= Greg Beharrell =

Canadian radio personality

Greg Beharrell is a Canadian radio personality, who has hosted the internationally syndicated The Greg Beharrell Show since 2020.

Originally from London, Ontario, he was educated at the University of Western Ontario. He started his career as a technician for London's talk radio station CFPL, before debuting as an on-air personality on sister station CFPL-FM. He then spent a number of years as a host on CFEX-FM in Calgary, Alberta, before joining CFNY-FM in Toronto, Ontario, in 2013. After about a year on the evening shift at CFNY, he moved to mornings in March 2014 as cohost with Dominik Diamond and Josie Dye; however, the new program lasted only a few months due to poor listener reaction, and by July Beharrell had been reassigned as the afternoon drive host on CFOX-FM in Vancouver, British Columbia.

In 2015 he joined KITS in San Francisco, California, remaining with the station until joining KLOS in Los Angeles in 2017. Although now based in the United States, he was still heard in some Canadian radio markets as a voice-tracking host, including as the imaging voice for all of Canada's Jack FM-branded radio stations. In 2021 he won a Canadian Radio Award as Best Imaging Voice, Large Market for his Jack FM work.

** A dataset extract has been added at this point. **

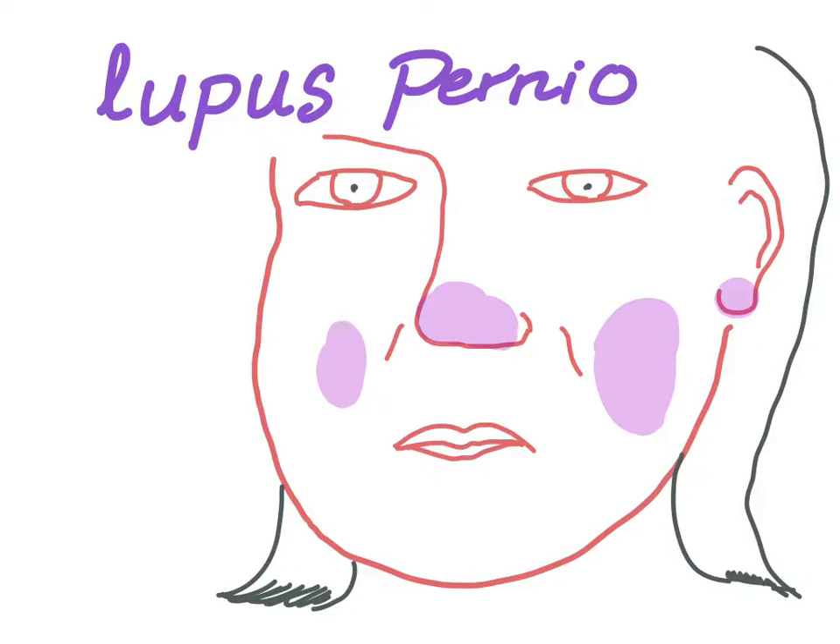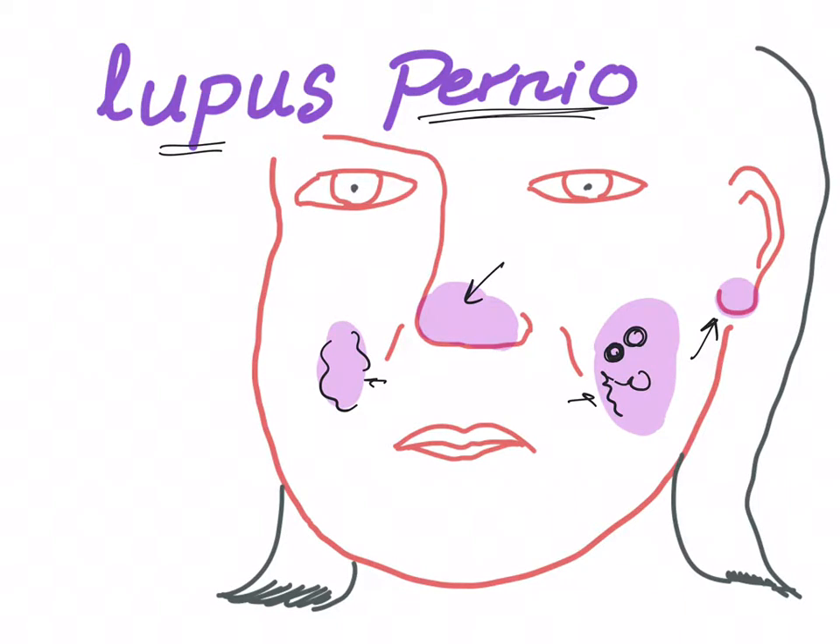Lupus pernio is a chronic raised indurated lesion of the skin — raised and indurated means hardened. These lesions are hard, purple (or violaceous), and occur at the tip of the nose, earlobe, and face, potentially extending to the fingers. Remember, lupus pernio is associated with sarcoidosis, not lupus.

His syndicated show was launched in 2020 through YEA Networks, and has since been picked up by many rock-formatted radio stations in both the United States and Canada. The program is recorded by Beharrell as a mixture of standard radio jock talk and comedy segments, but allows individual stations to program their own musical selections and schedule the program wherever they want, and has thus been marketed to rock stations regardless of their formatting as classic, modern, mainstream or active rock.